→ **Exercise description**:
Although the records contain pictures, the copy must not; reproduce everything else in them exactly.

· · · · · · ·

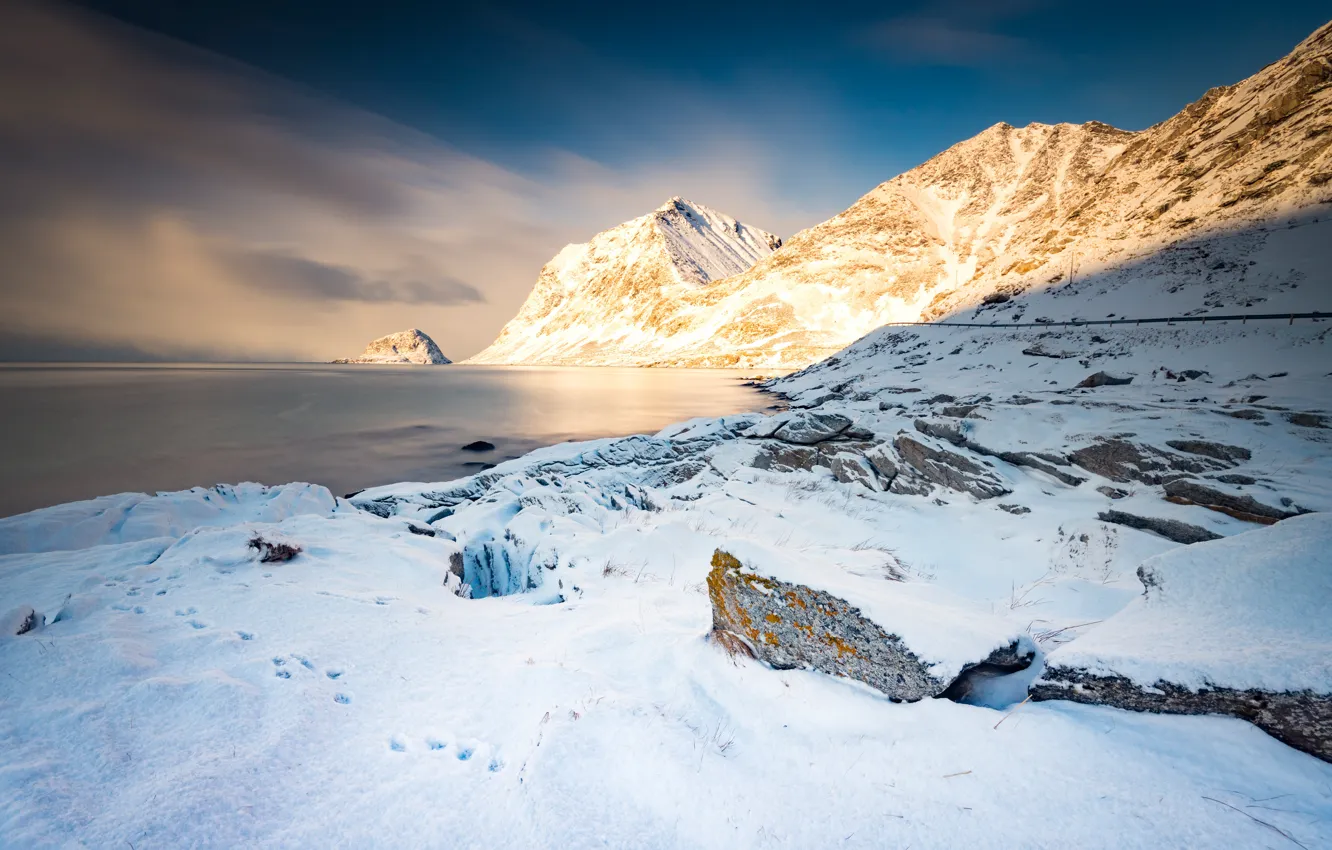 Фото обои зима, свет, снег, горы, скалы, берег, вершины, Норвегия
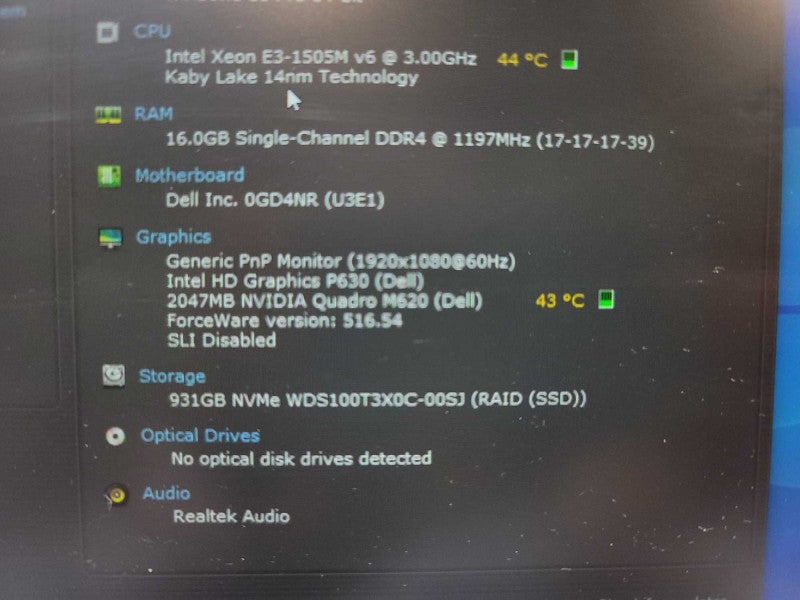 Dell Precision 3520 Xeon E3-1505M v6, 16GB DDR4, 2GB Nvidia Quadro M620, 1TB  Î²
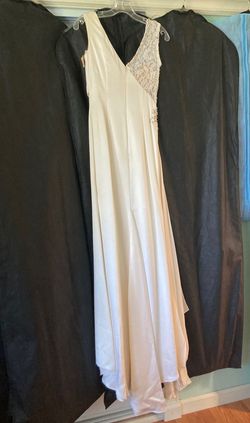 Style 131005 Gregory Ellenburg White Size 0 Plunge Floor Length A-line Dress on Queenly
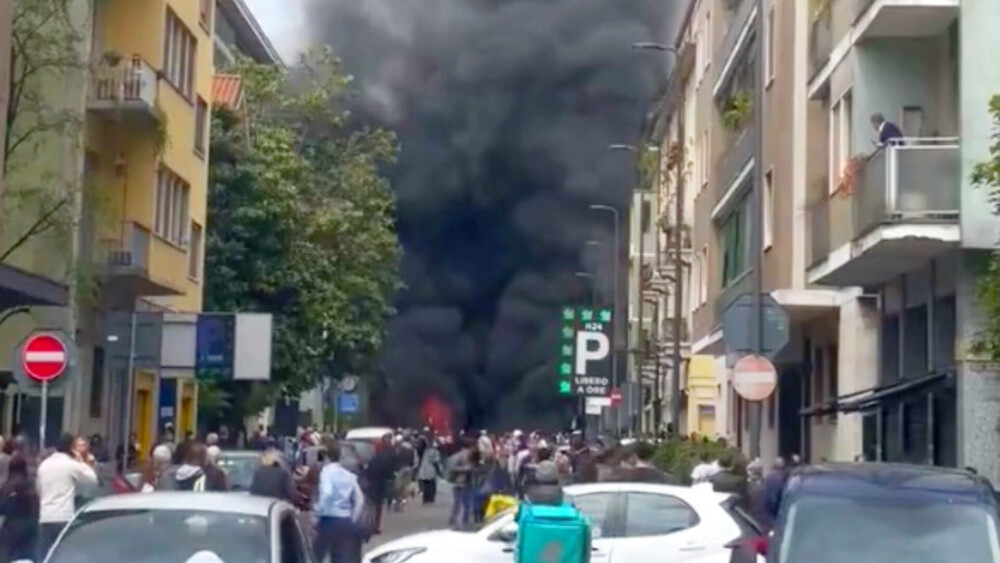 Explozie puternică în Milano. Mai multe mașini au luat foc în centrul orașului | FOTO și VIDEO - Imaginea 1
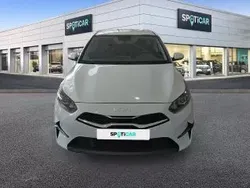 Blanco Usado 2023 Kia Ceed Berlina | 16.500 € (Buen precio)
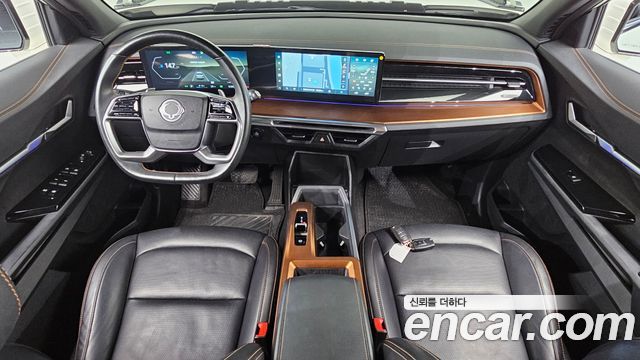 KG Mobility Torres — interior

· · · · · · ·

→ **Response**:
 Фото обои зима, свет, снег, горы, скалы, берег, вершины, Норвегия
 Dell Precision 3520 Xeon E3-1505M v6, 16GB DDR4, 2GB Nvidia Quadro M620, 1TB  Î²
 Style 131005 Gregory Ellenburg White Size 0 Plunge Floor Length A-line Dress on Queenly
 Explozie puternică în Milano. Mai multe mașini au luat foc în centrul orașului | FOTO și VIDEO - Imaginea 1
 Blanco Usado 2023 Kia Ceed Berlina | 16.500 € (Buen precio)
 KG Mobility Torres — interior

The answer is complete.